● **Web page caption snippets**

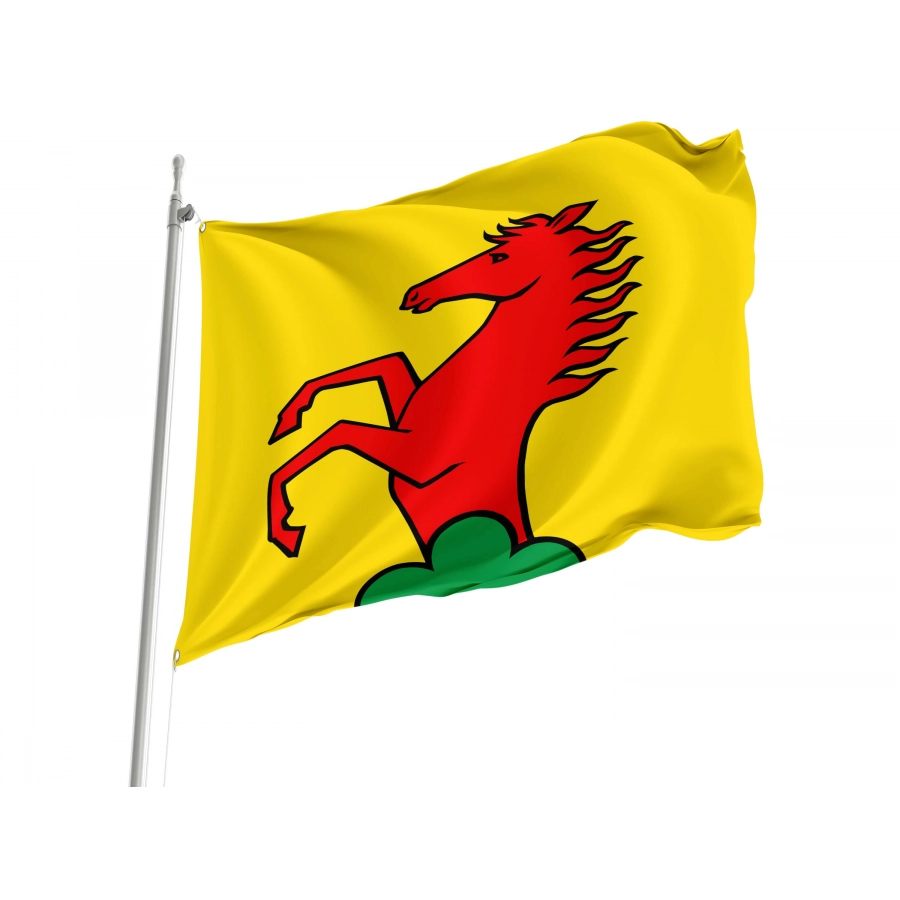 Dottikon Flag for Indoor & Outdoor Use, AG40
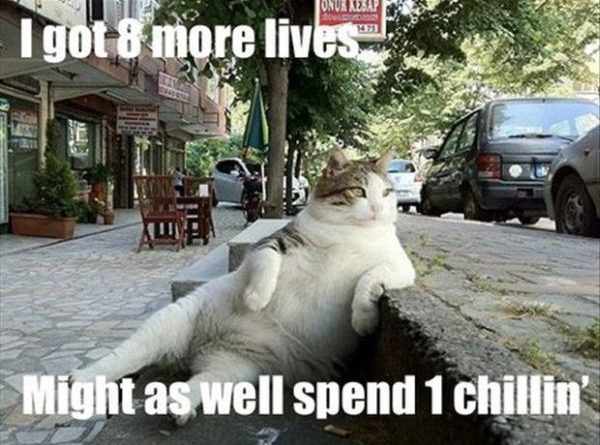 I Got 8 More Lives - Cat humor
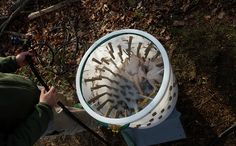 a man is holding a fishing rod and looking at the fish in it's net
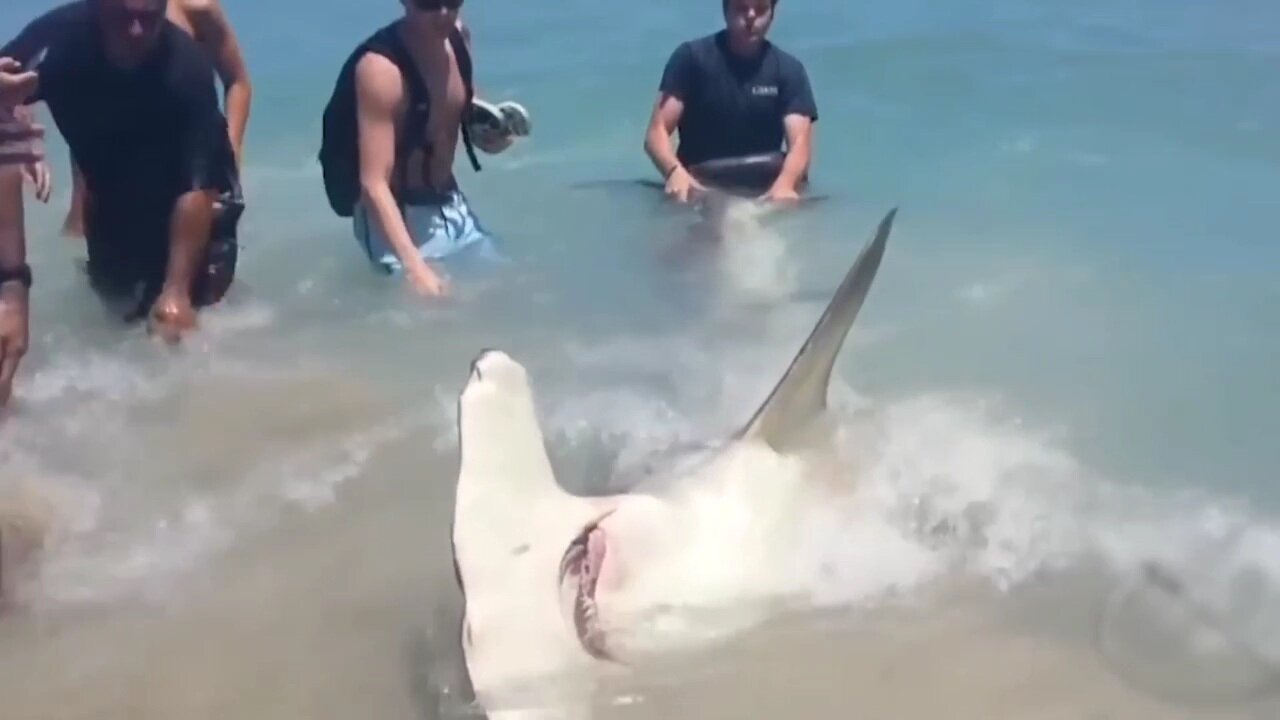 Largest_Monster_Sharks_Ever_Caught_on_Camera 🦈🦈🦈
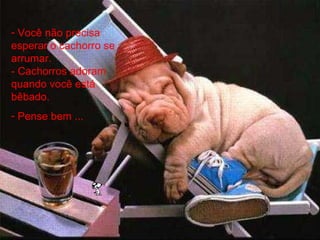 Você não precisa esperar o cachorro se arrumar.   - Cachorros adoram quando você está bêbado.  Pense bem ...   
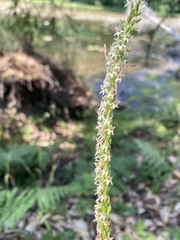 Platanthera ephemerantha
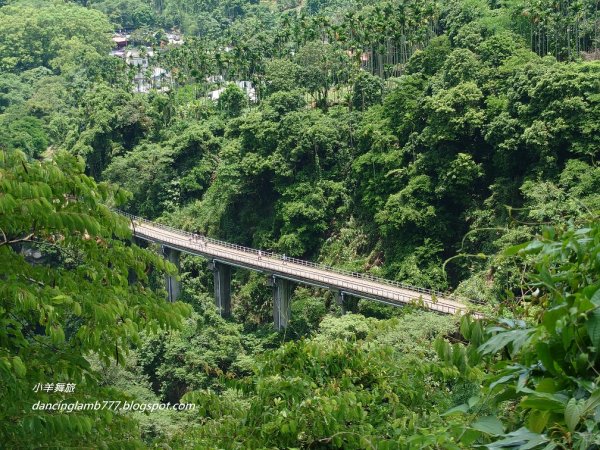 【嘉義】獨立山步道~ 火車、鐵道、山洞、吊橋一次滿足1811579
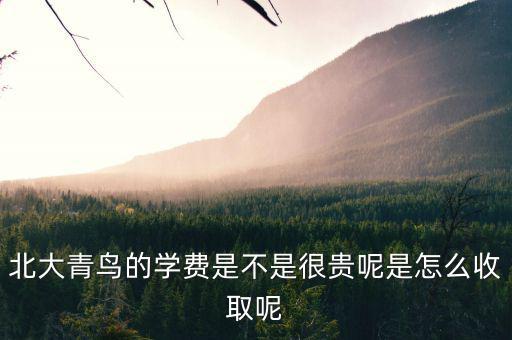國稅局安靜工程是什么，北大青鳥的學(xué)費是不是很貴呢是怎么收取呢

● **Problem description**
Exactly as they appear above, give the records again, without their pictures.

● **Task response**
 Dottikon Flag for Indoor & Outdoor Use, AG40
 I Got 8 More Lives - Cat humor
 a man is holding a fishing rod and looking at the fish in it's net
 Largest_Monster_Sharks_Ever_Caught_on_Camera 🦈🦈🦈
 Você não precisa esperar o cachorro se arrumar.   - Cachorros adoram quando você está bêbado.  Pense bem ...   
 Platanthera ephemerantha
 【嘉義】獨立山步道~ 火車、鐵道、山洞、吊橋一次滿足1811579
國稅局安靜工程是什么，北大青鳥的學(xué)費是不是很貴呢是怎么收取呢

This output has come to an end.